TASK DESCRIPTION:
From the first line of the entries below through the line holding "Hard Top Spill Pallets", write out every line exactly, please, and leave out the pictures.

Captioned web image data:
++++++++++++++++++++
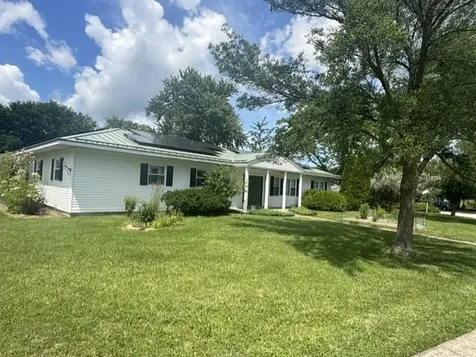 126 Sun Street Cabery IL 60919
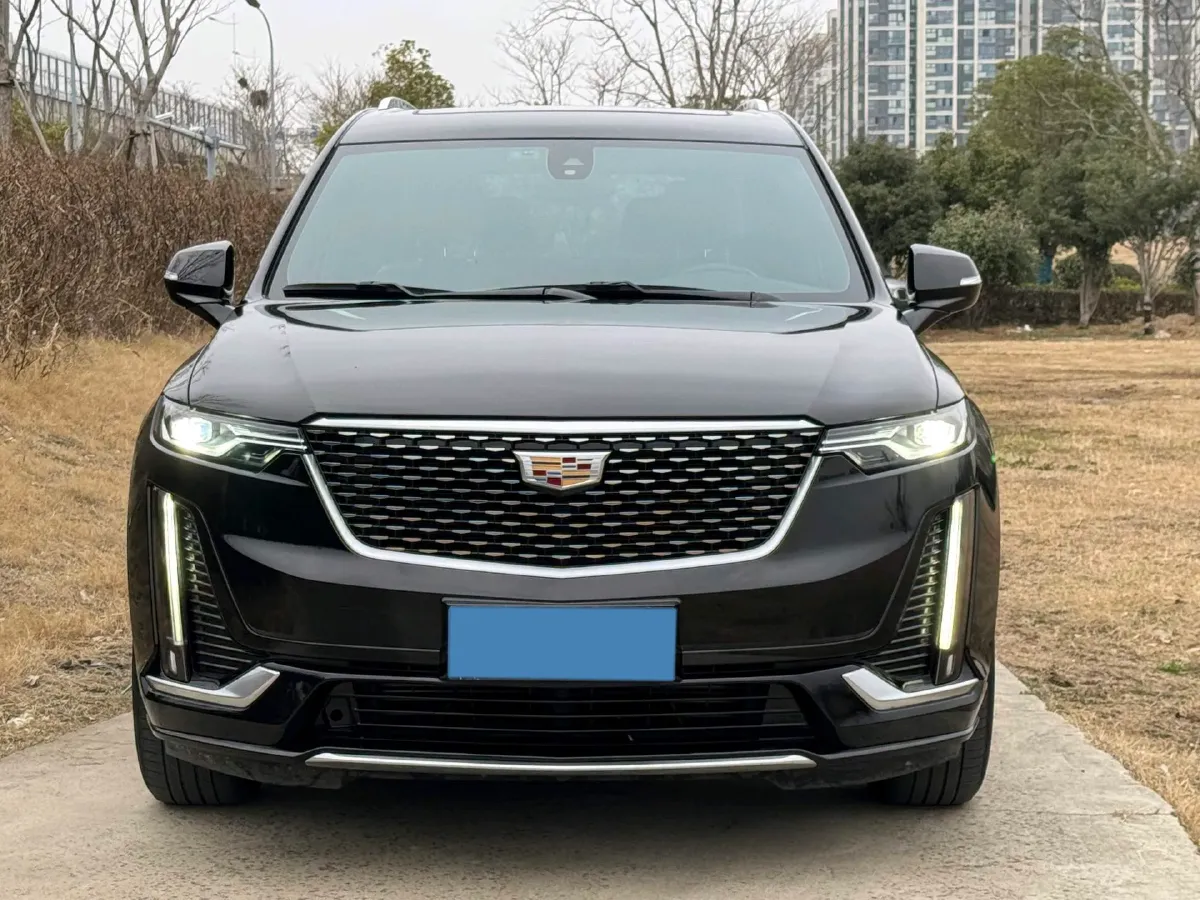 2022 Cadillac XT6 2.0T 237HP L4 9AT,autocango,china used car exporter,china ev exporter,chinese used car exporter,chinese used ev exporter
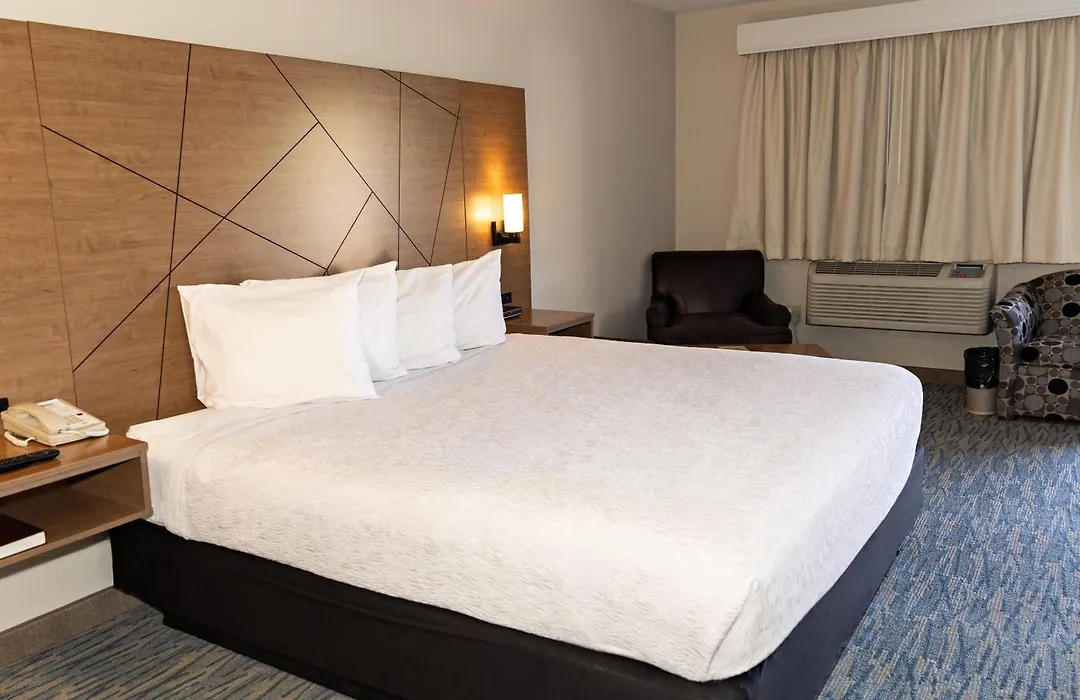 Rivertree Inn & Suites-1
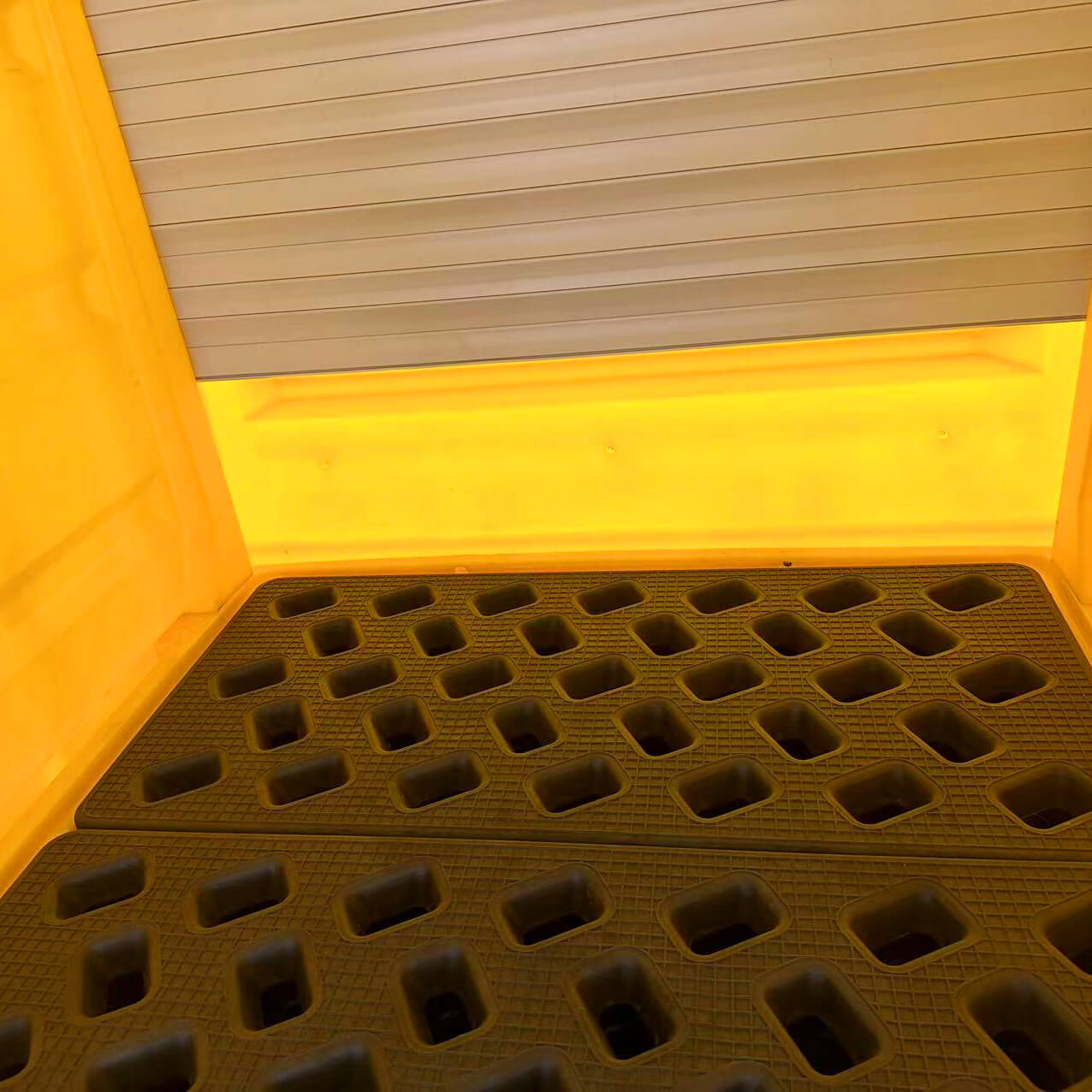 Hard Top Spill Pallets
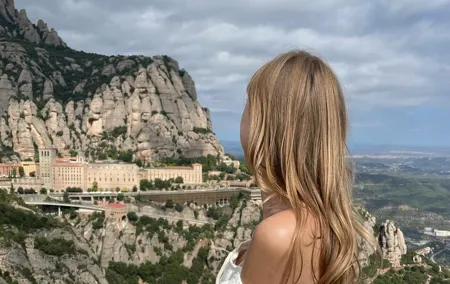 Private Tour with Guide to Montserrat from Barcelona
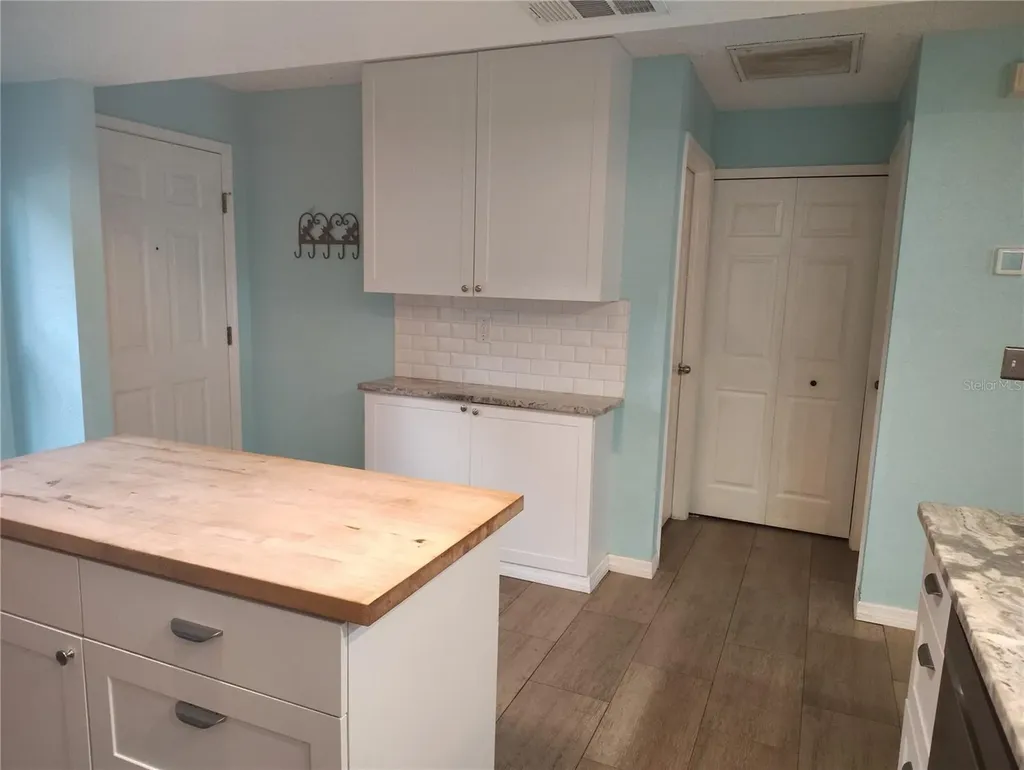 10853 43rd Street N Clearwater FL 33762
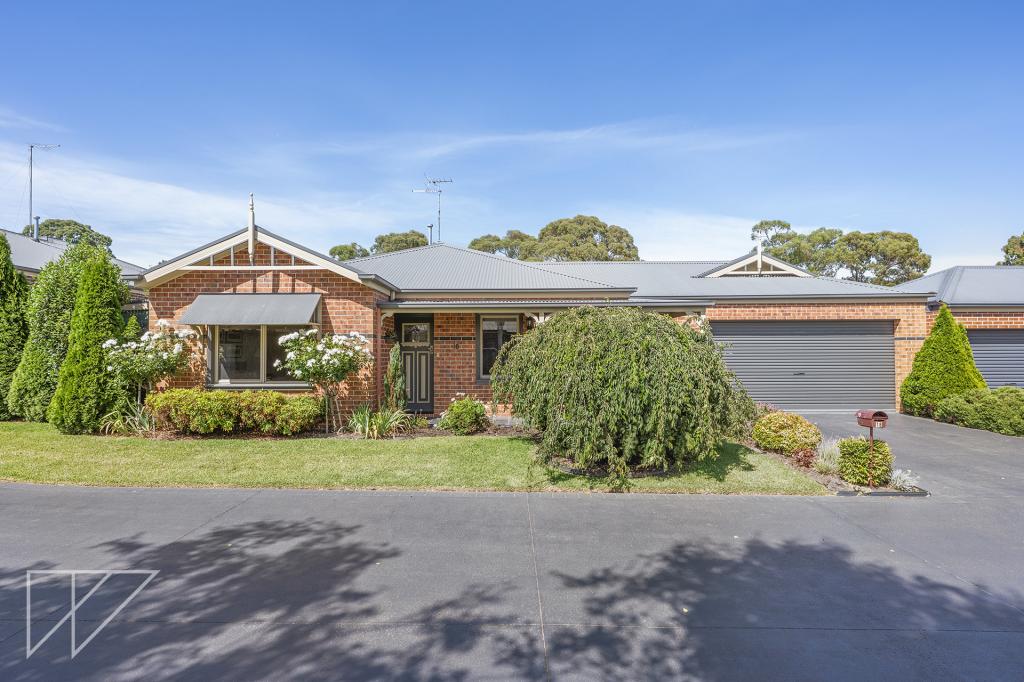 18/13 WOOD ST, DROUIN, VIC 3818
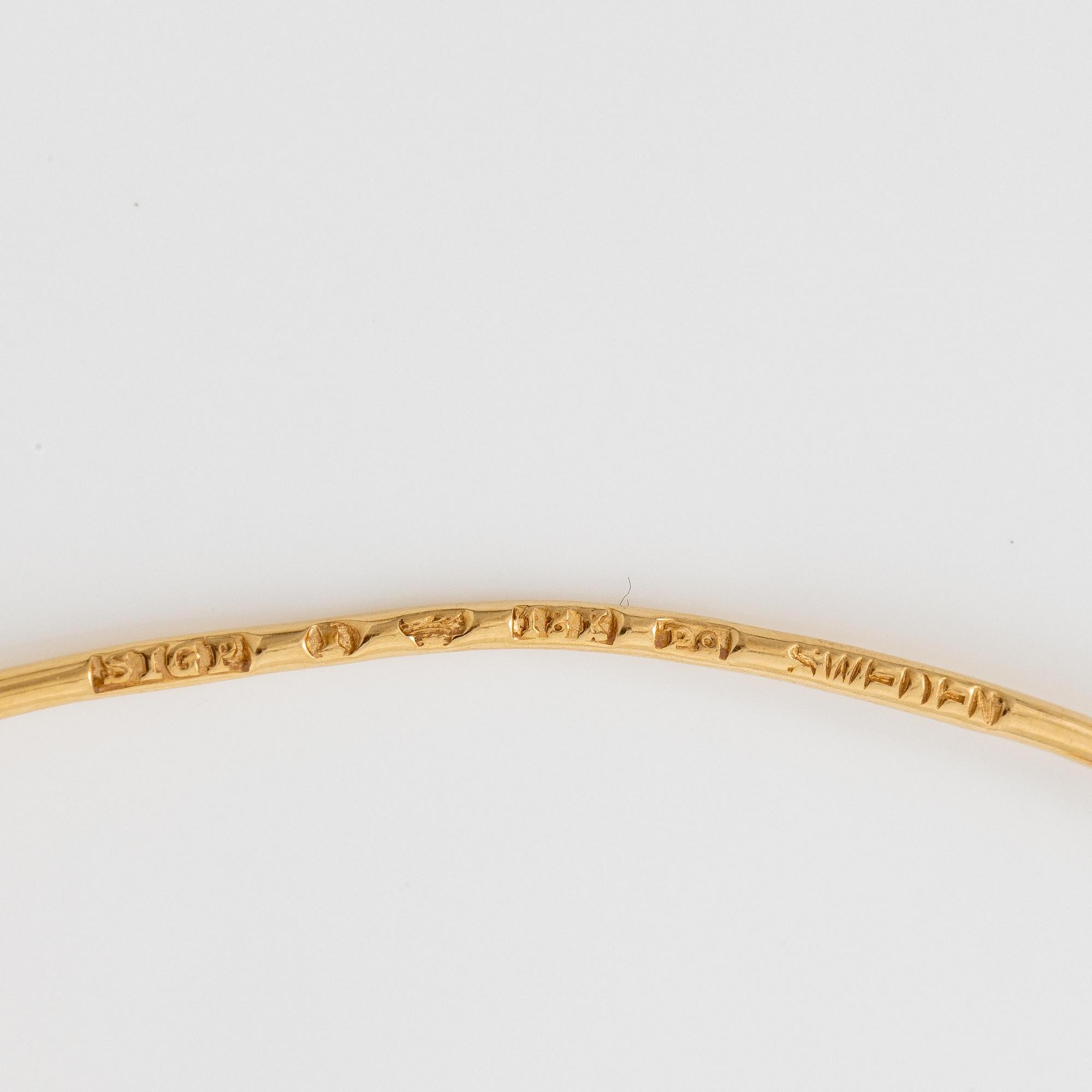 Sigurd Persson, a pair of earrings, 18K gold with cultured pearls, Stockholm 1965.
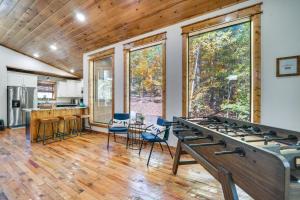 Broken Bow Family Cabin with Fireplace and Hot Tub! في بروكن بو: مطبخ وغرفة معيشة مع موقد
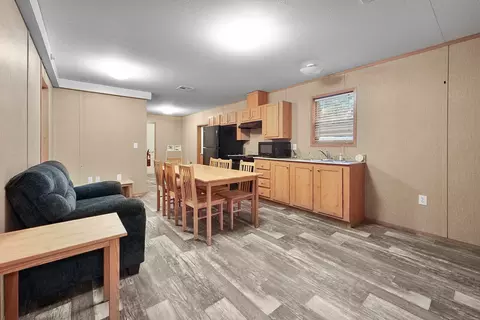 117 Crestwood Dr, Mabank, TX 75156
++++++++++++++++++++
ANSWER TO THIS EXERCISE:
 126 Sun Street Cabery IL 60919
 2022 Cadillac XT6 2.0T 237HP L4 9AT,autocango,china used car exporter,china ev exporter,chinese used car exporter,chinese used ev exporter
 Rivertree Inn & Suites-1
 Hard Top Spill Pallets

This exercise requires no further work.